La clé de cette fabrique à un niveau presque
industriel sera le droit du sol, qui permet d’incorporer les vagues
migratoires d’alors (Espagnols, Allemands, Belges) et de consolider une
démographie en perte de vitesse. Soit à peu près ce que feront les
politiques migratoires de la Vème République à partir du regroupement
familial orchestré par les industriels pompidoliens – une autre forme de
conscription.
Au final, l’idée France, portée par la Révolution, n’aura
pas duré longtemps.
On peut voir le fameux discours de Renan, en 1882,
comme une étrange passation, de l’abstraction révolutionnaire presque
mythologique à une injonction individuelle qui sera un des fondements du
républicanisme moderne, malheureusement vouée à l’échec : « Une
nation est donc une grande solidarité, constituée par le sentiment des
sacrifices qu'on a faits et de ceux qu'on est disposé à faire encore. »

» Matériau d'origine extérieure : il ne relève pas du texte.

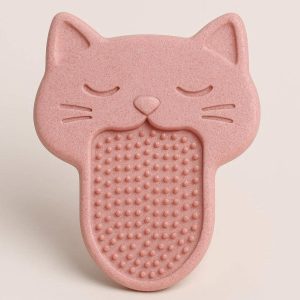 Cute Cat Tongue Massage Brush Textured Plastic Pet Grooming Tool For Licking Fur Comb Hair Detangling Cleaner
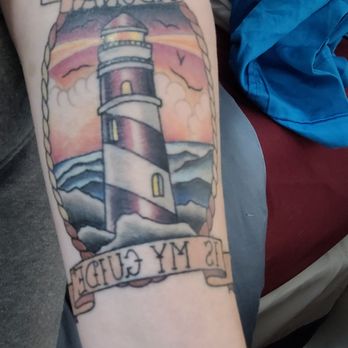West Side Tattoo - This is also my tattoo of a lighthouse done in American traditional style by Westside tattoo done by Clayton who is great. - Piercing Near Me - Colorado Springs, Colorado West Side Tattoo - This is also my tattoo of a lighthouse done in American traditional style by Westside tattoo done by Clayton who is great. - Piercing Near Me - Colorado Springs, Colorado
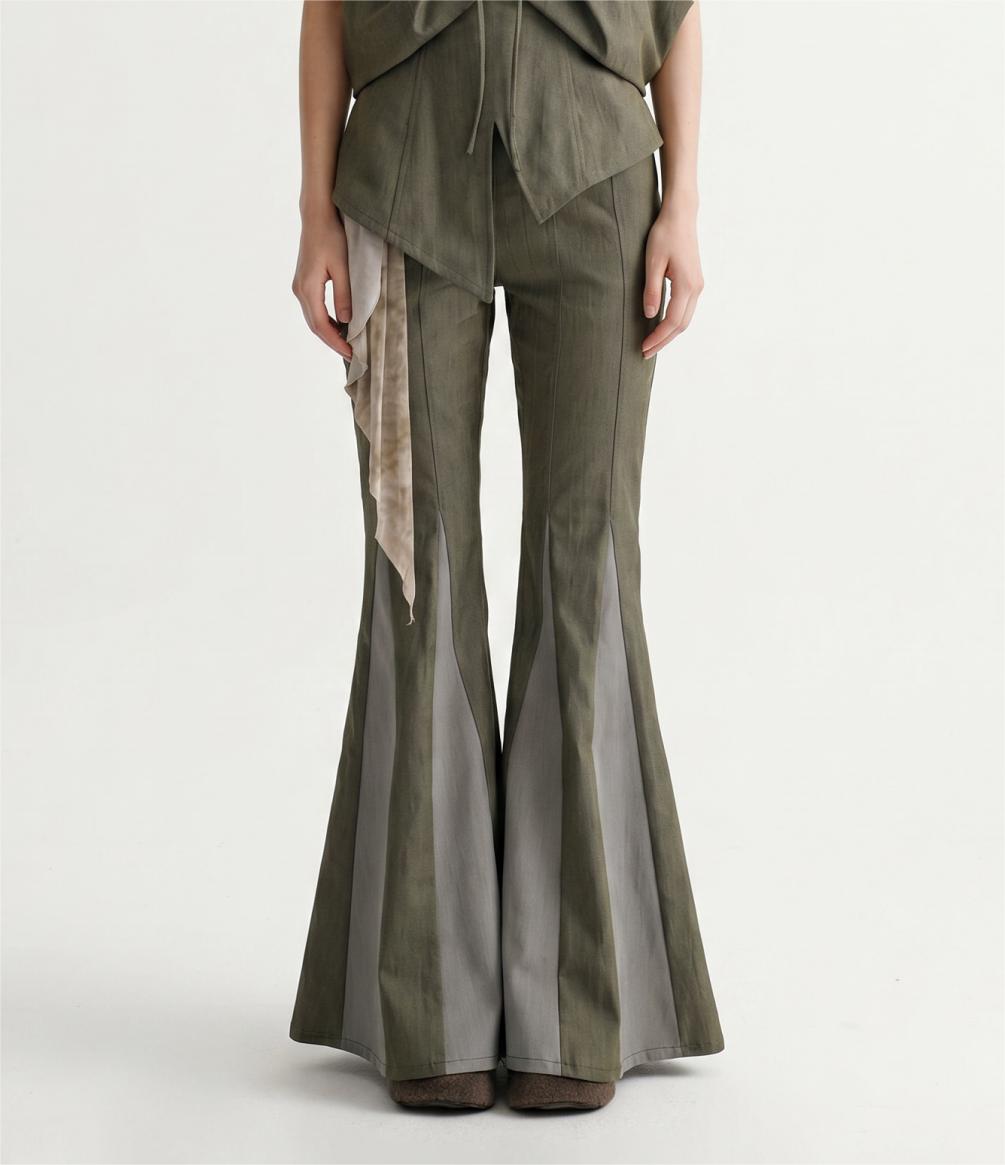 Spliced Flared Pants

Pas sûr que le dénommé Doualemn, cet influenceur algérien dont l’OQTF a
été annulé, ressente au fond de sa chair ce sentiment de sacrifice…
A
l’heure où les ressources s’amenuisent, où la tectonique géopolitique
menace la souveraineté des états européens, on ne peut plus gouverner
avec des idées et encore moins tenir la nationalité pour un principe
abstrait, pour cette viralité aux facultés presque ésotériques
dont se gargarisait la mystique jacobine.
Il faut au contraire redonner
de la substance à l’idée de nation, lui infuser de l’organique :
l’organique d’une nation, outre ses frontières, ce sont bien sûr des
habitants à qui on a transmis la France, comme un héritage de chair et
de sang, et pas de simples occupants-citoyens, tout juste
capables de répéter et d’ânonner quelques leçons de vivre-ensemble
apprises par cœur dans des centres d’insertion où flotte le spectre
orwellien de la nouvelle république.